-------- PROVIDED DATA --------

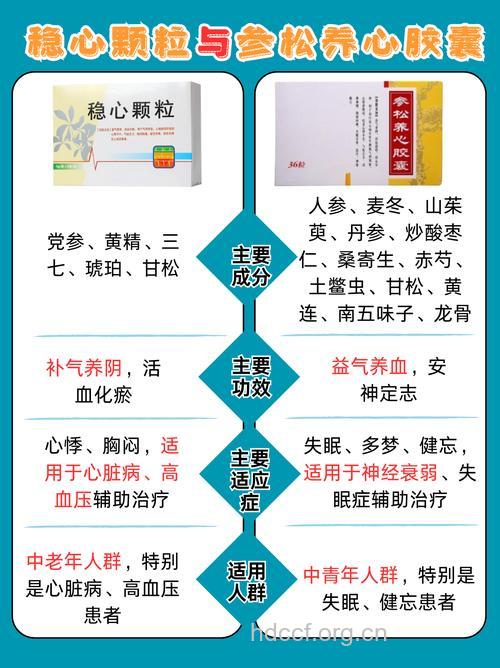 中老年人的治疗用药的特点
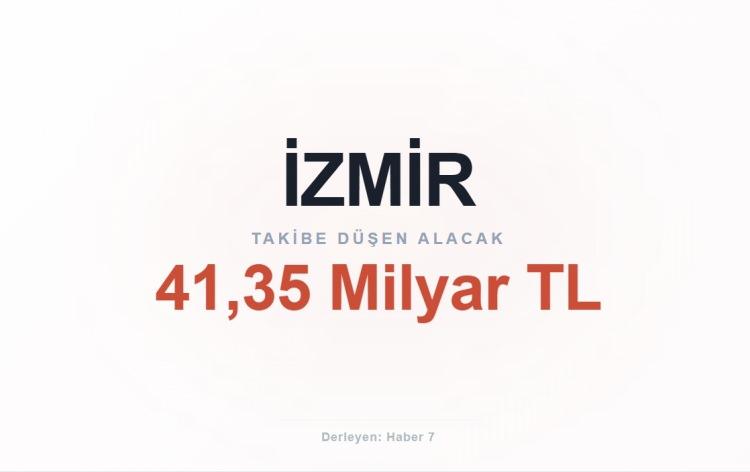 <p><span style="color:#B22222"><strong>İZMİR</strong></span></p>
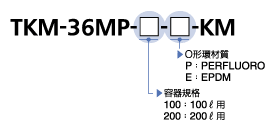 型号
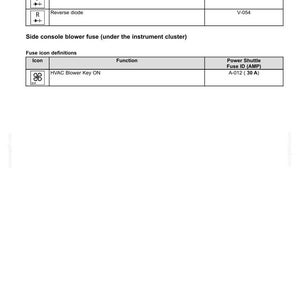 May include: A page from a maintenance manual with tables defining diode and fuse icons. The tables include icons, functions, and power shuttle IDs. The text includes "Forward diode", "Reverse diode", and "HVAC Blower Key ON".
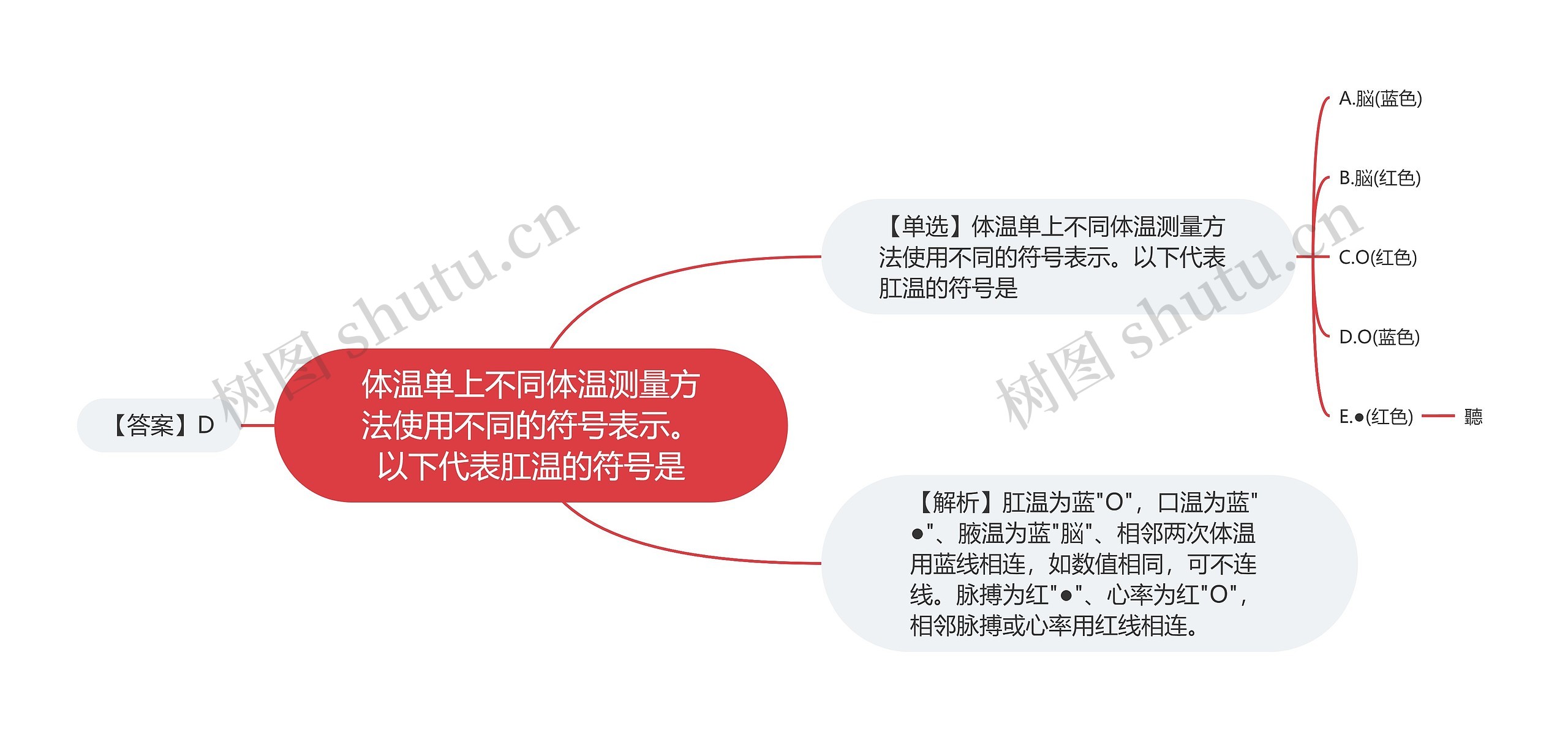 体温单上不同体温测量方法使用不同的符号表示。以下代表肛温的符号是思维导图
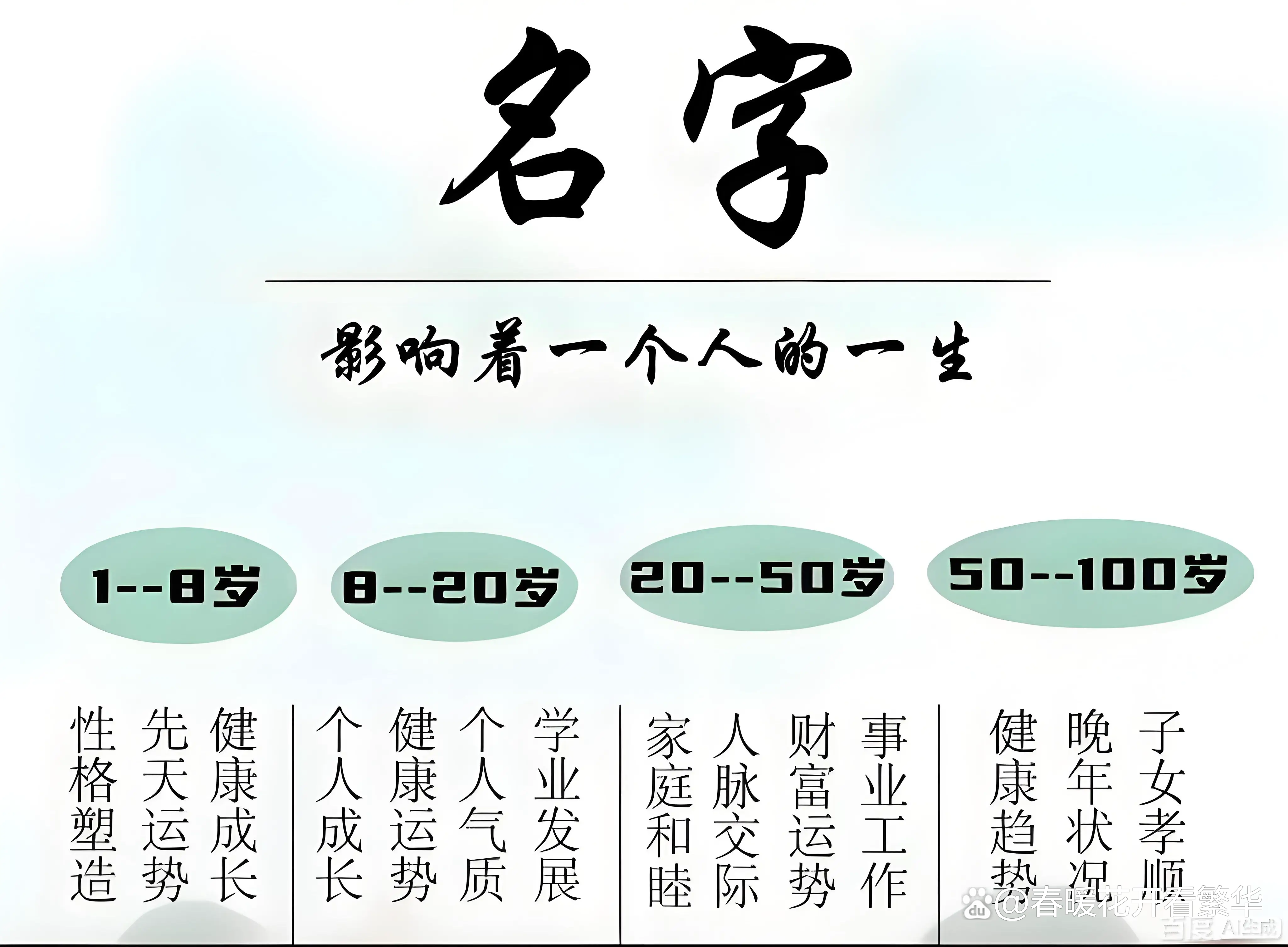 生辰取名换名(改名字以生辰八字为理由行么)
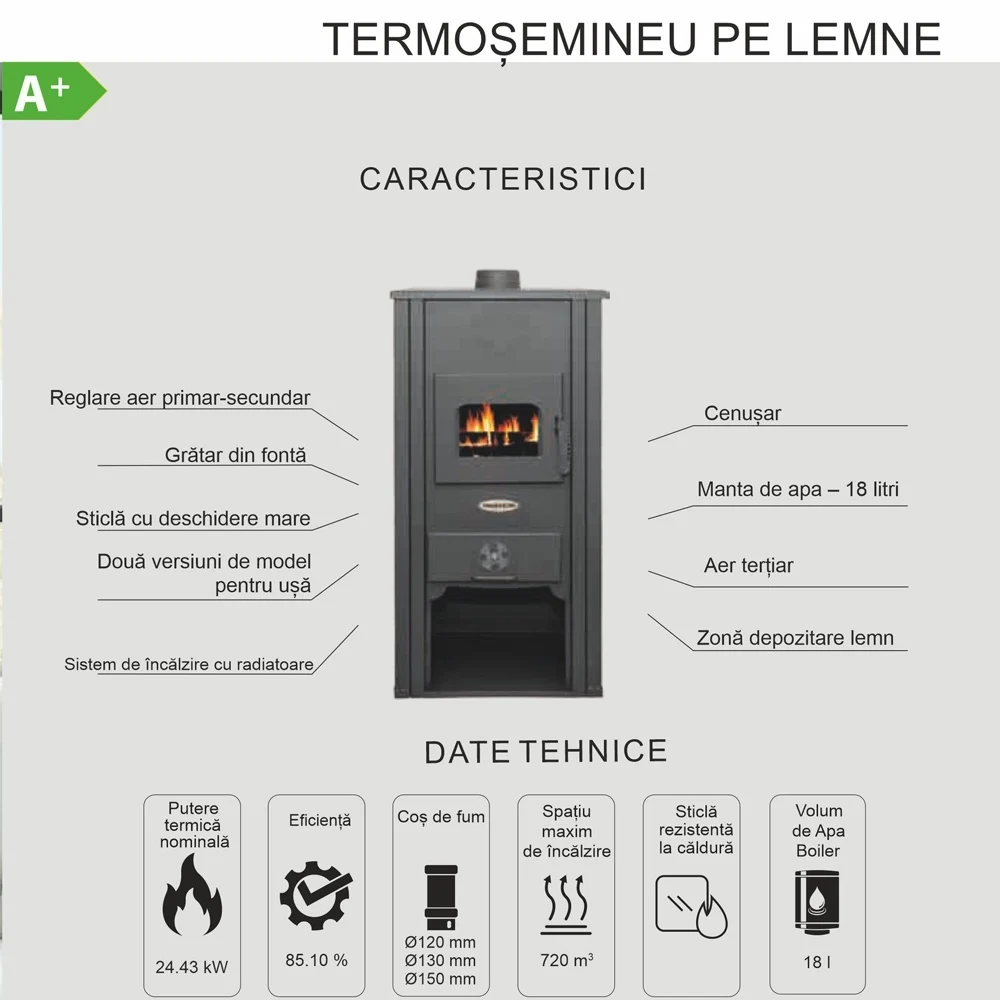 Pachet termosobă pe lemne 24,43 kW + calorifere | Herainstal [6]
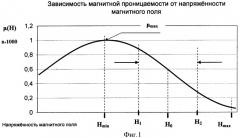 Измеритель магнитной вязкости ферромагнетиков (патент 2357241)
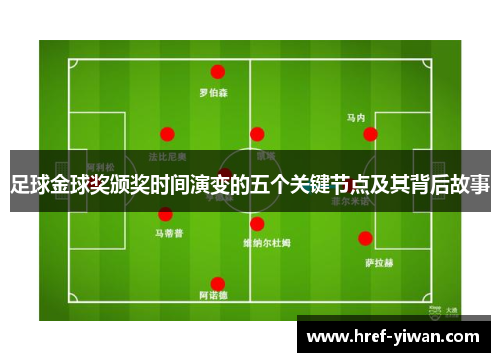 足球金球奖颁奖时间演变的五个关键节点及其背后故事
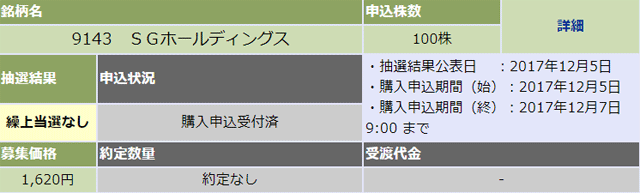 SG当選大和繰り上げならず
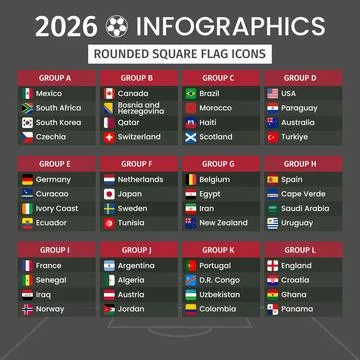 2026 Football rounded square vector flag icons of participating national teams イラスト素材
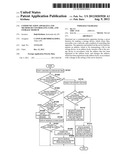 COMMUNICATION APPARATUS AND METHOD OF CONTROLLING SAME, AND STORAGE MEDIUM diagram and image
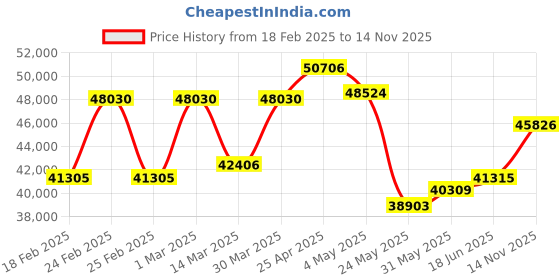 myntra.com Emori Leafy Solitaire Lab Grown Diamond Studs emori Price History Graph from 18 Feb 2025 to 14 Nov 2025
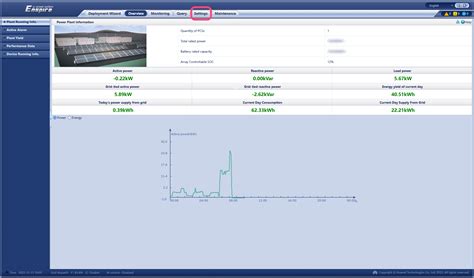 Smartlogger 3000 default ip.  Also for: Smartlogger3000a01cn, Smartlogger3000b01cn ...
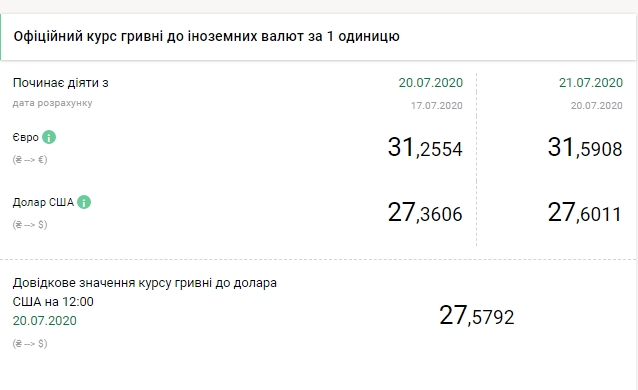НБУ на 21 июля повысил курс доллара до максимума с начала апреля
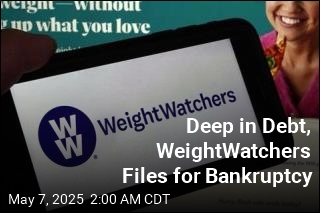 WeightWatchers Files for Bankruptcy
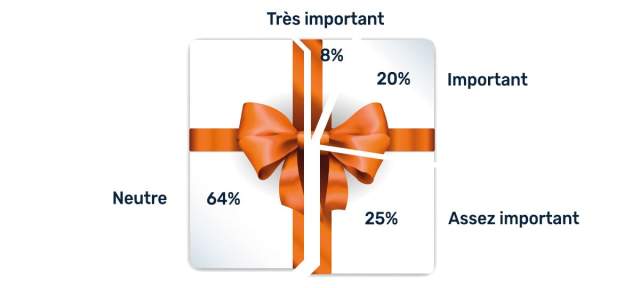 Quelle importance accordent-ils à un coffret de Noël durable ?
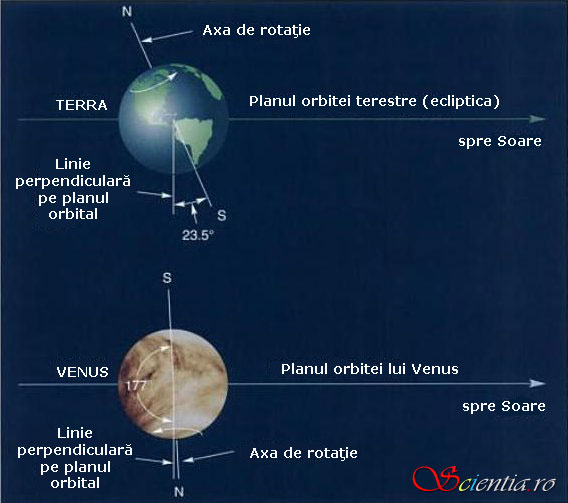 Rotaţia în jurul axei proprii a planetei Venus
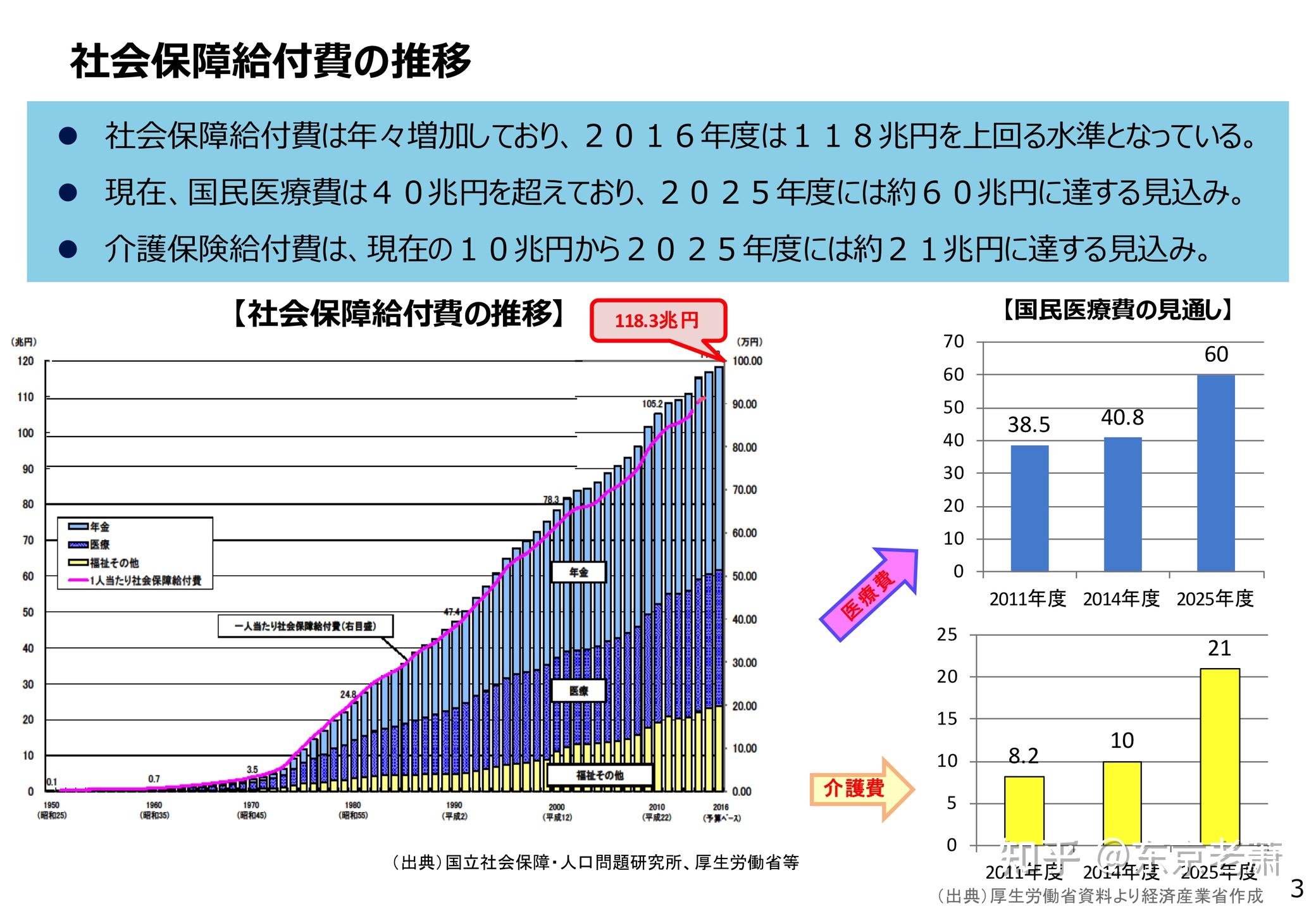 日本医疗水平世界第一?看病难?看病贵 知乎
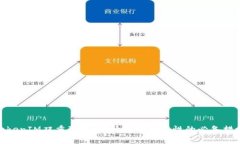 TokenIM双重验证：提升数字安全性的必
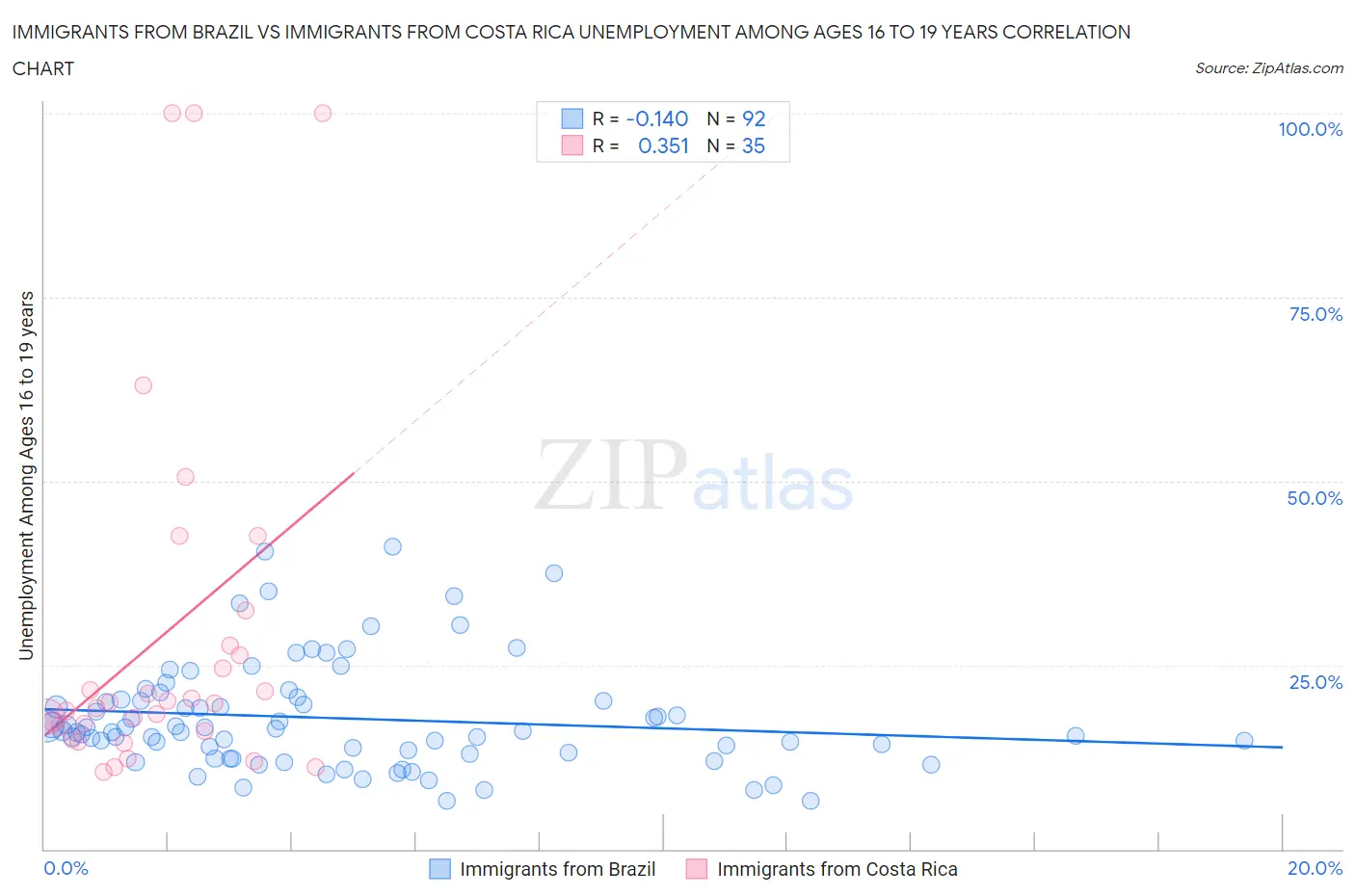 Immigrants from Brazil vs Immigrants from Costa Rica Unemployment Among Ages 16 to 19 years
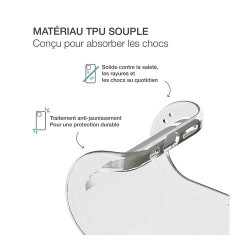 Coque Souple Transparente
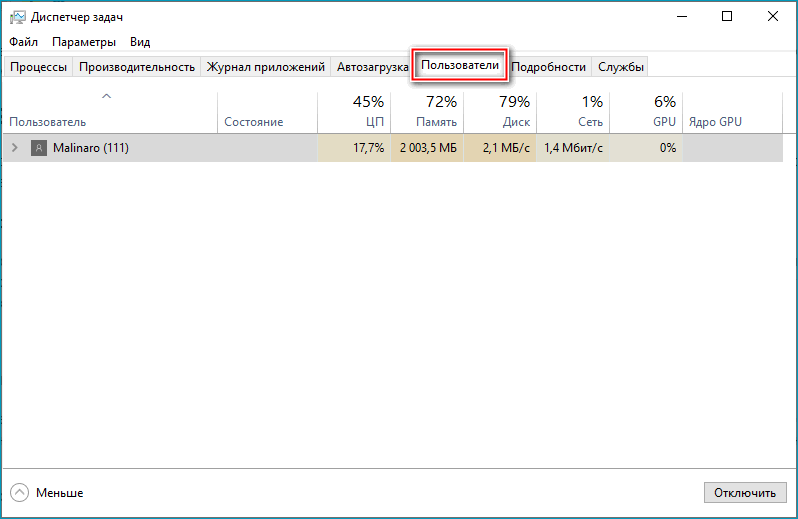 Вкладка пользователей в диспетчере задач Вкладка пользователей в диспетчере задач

--------

TASK ITEM:
Every line from the one with "日本医疗水平世界第一?看病难?看病贵 知乎" through the end of the records is to be reproduced exactly, and the pictures are to be left out.

RESPONSE AREA:
 日本医疗水平世界第一?看病难?看病贵 知乎
 TokenIM双重验证：提升数字安全性的必
 Immigrants from Brazil vs Immigrants from Costa Rica Unemployment Among Ages 16 to 19 years
 Coque Souple Transparente
 Вкладка пользователей в диспетчере задач Вкладка пользователей в диспетчере задач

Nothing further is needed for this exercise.